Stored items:
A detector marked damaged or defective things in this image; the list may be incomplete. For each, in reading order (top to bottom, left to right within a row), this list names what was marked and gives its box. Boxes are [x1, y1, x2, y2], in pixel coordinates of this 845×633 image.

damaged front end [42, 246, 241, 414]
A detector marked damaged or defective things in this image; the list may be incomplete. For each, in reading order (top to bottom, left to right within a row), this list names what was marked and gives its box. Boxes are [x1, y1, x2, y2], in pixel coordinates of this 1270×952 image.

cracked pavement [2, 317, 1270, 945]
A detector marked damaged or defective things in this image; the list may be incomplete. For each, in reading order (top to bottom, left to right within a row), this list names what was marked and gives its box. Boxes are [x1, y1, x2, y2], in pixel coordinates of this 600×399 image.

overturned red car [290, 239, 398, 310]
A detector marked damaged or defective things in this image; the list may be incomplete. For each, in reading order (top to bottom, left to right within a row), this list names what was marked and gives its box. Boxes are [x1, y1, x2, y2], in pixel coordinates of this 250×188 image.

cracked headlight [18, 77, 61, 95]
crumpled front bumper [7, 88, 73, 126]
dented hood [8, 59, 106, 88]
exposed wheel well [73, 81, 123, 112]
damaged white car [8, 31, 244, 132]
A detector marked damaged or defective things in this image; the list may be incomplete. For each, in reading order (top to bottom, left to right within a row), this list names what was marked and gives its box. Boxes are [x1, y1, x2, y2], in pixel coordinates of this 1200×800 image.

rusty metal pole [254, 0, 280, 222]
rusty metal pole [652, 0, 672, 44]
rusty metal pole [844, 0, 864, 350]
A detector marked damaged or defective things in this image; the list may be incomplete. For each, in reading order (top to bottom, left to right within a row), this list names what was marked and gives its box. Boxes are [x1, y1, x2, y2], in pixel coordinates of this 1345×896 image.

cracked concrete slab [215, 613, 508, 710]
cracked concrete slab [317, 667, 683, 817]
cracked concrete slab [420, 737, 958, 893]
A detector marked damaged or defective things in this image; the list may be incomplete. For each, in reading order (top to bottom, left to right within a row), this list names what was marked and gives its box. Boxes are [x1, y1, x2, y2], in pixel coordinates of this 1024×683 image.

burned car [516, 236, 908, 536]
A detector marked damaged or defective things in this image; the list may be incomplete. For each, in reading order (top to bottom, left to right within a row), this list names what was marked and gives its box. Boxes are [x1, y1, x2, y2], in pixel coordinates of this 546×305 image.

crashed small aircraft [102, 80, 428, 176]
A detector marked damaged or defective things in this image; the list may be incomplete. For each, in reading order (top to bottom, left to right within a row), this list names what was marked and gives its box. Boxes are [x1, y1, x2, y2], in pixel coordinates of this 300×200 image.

▶ [Task description]: Exactly as written, give the line containing "this 1024×683 image." and all remaining lines of the records.

▶ [Reply to the task]:
A detector marked damaged or defective things in this image; the list may be incomplete. For each, in reading order (top to bottom, left to right within a row), this list names what was marked and gives its box. Boxes are [x1, y1, x2, y2], in pixel coordinates of this 1024×683 image.

burned car [516, 236, 908, 536]
A detector marked damaged or defective things in this image; the list may be incomplete. For each, in reading order (top to bottom, left to right within a row), this list names what was marked and gives its box. Boxes are [x1, y1, x2, y2], in pixel coordinates of this 546×305 image.

crashed small aircraft [102, 80, 428, 176]
A detector marked damaged or defective things in this image; the list may be incomplete. For each, in reading order (top to bottom, left to right within a row), this list names what was marked and gives its box. Boxes are [x1, y1, x2, y2], in pixel coordinates of this 300×200 image.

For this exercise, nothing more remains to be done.